Part 2 : Bicknell’s Thrush Conservation in the Sierra de Bahoruco
The island of Hispaniola supports about 80% of the Bicknell’s Thrush population during the wintering period (November to April). The Sierra de Bahoruco represents the primary wintering location of Bicknell’s Thrush. Sierra de Bahoruco National Park in the Dominican Republic, a core area within one of the United Nations Educational, Scientific and Cultural Organization’s Biosphere Reserves, is one of the two most significant wintering areas for Bicknell's Thrush. Sierra de Bahoruco National Park supports some of the largest tracts of its high-elevation cloud forest habitat in Hispaniola and may be the most biodiverse areas in the Caribbean.

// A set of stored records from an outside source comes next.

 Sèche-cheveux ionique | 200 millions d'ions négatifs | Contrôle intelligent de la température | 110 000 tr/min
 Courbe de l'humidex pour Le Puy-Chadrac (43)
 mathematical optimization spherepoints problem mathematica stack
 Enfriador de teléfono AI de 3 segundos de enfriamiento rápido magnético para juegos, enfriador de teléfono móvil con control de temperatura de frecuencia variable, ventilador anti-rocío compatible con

Part 3: Challenges and opportunities for collaboration across borders
Recent but unofficial evidence indicates that an ecological crisis is underway within Bahoruco forests. Since about 2009, satellite images and anecdotal reports have indicated that, trees inside the national park, and particularly the key Thrush habitat, the cloud forest, is being cut at an unchecked pace. Anecdotal reports indicated that the cutting was primarily for commercial charcoal production and commercial avocado plantations, but also for subsistence farming by sharecroppers. The conservation issues here are intertwined with complex social and economic issues, including immigration from Haiti, exceptionally high poverty rates in this area of the country, lack of clarity about land ownership, insufficient enforcement of laws, allegations of corruption, and unchecked commercial exploitation.
The delegation traveled to explore potential opportunities for the Service to work with the Dominican Republic in identifying and implementing actions to help address our mutual interests. The delegation met with government officials from the Ministry of the Environment, representatives from nongovernmental organizations, other government agencies, and local communities bordering the park and visited the affected areas. These conversations laid the groundwork for further collaboration between USFWS and the Dominican Republic government and NGOs to address the issues affecting our shared migratory birds.
US Fish and Wildlife Service (USFWS) Neotropical Migratory Bird Conservation Act (NMBCA) has funded projects in the Bahoruco region to try to improve management of protected areas by aiding park guards with support, adding signage, promoting ecotourism, reforesting and undertaking other conservation actions. NMBCA grantees, match partners or subgrantees have included: American Bird Conservancy, BirdsCaribbean, Vermont Center for Ecostudies, Bridges to Community, Sociedad Ornitológica de La Hispaniola (Hispaniolan Ornithological Society), and Grupo Jaragua, as well as the Dominican Ministry of the Environment.